著者
浜田 璋子 山野 澄子 大西 正三
出版者
調理科学研究会
雑誌
調理科学
巻号頁・発行日
vol.1, no.3, pp.158-162, 1968

(1)残留塩素測定法を検討した結果,o-トリジンで呈色させた後その吸光度を分光光電光度計で測定し,あらかじめ作成しておいた残留塩素標準曲線により残留塩素量を求める方法を考案し,従来の測定法よりも迅速に,かつ正確に測定できることがわかった。(2)残留塩素の時刻的分布をみると1日の中で水道水を比較的多く使用する昼前から午後にかけて多くなっている。反対に朝水道水を出しはじめた直後はほとんど残留塩素は存在せず,それから1~2時間は非常に低い値となっている。(3)水道水を放置,攪拌するだけで残留塩素は減少していく。
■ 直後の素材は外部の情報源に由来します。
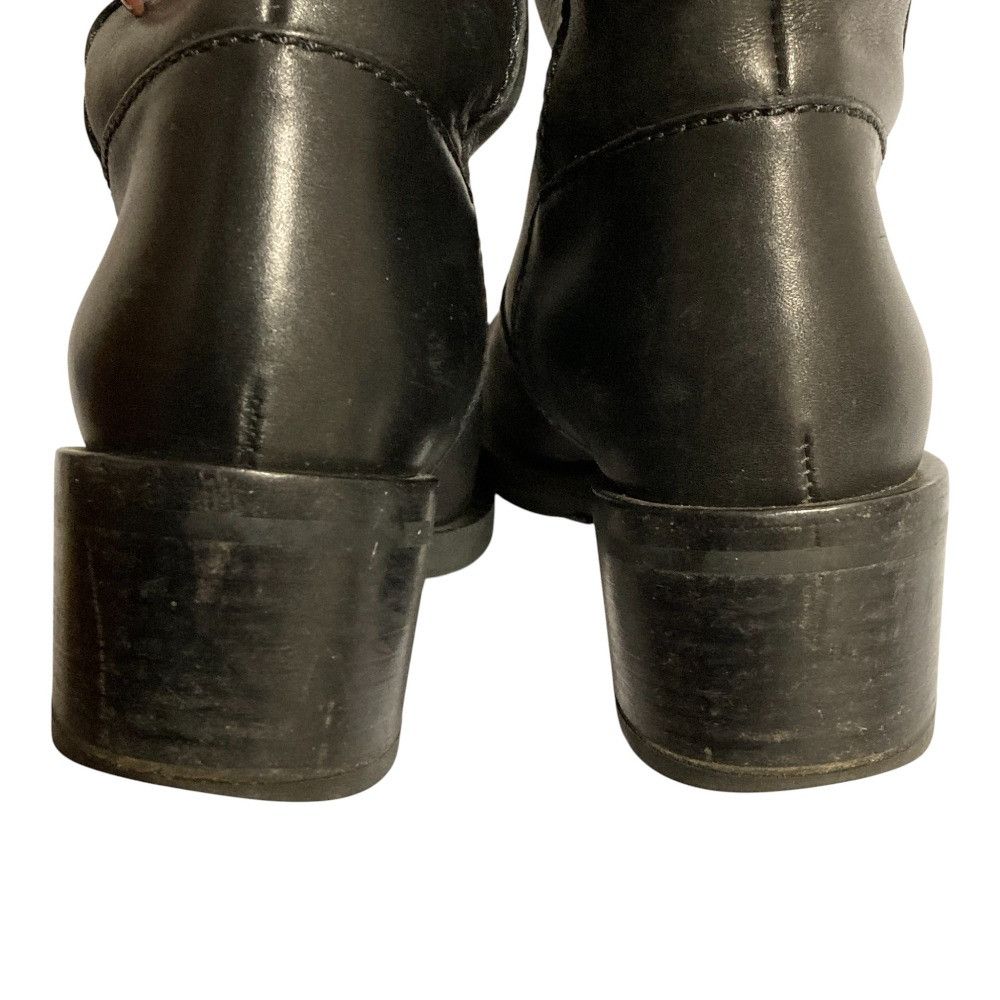 Gucci Gucci Gucci GG Marmont Calf Leather Long Boots Leather Shoes 246627 DUTY FREE for USA Size ONE SIZE - 12 Thumbnail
攪拌の場合その減少の仕方は攪拌しはじめた時急激に減少し,ある程度減少するとそれ以後は攪拌に時間をかけてもあまり変化がない。(4)調味料を添加した場合の残留塩素の減少は食塩の場合はかなり大である。蔗糖の場合は蔗糖濃度が高くなるほど減少の割合は大となる。酢酸添加の場合はあまり減少しない。また酢酸濃度を高くしてもその減少に変りはなかった。このことから食酢を用いる調理には残留塩素の残存はかなりあることが予想される。終りにのぞみ本実験に際し,御丁重なる御教示をいただきました大阪市水道局水質試験所,近藤正義,八木正一の両氏に深甚なる謝意を表する次第である。なお,本報告は昭和41年10月,日本家政学会関西支部総会にて口述発表したものである。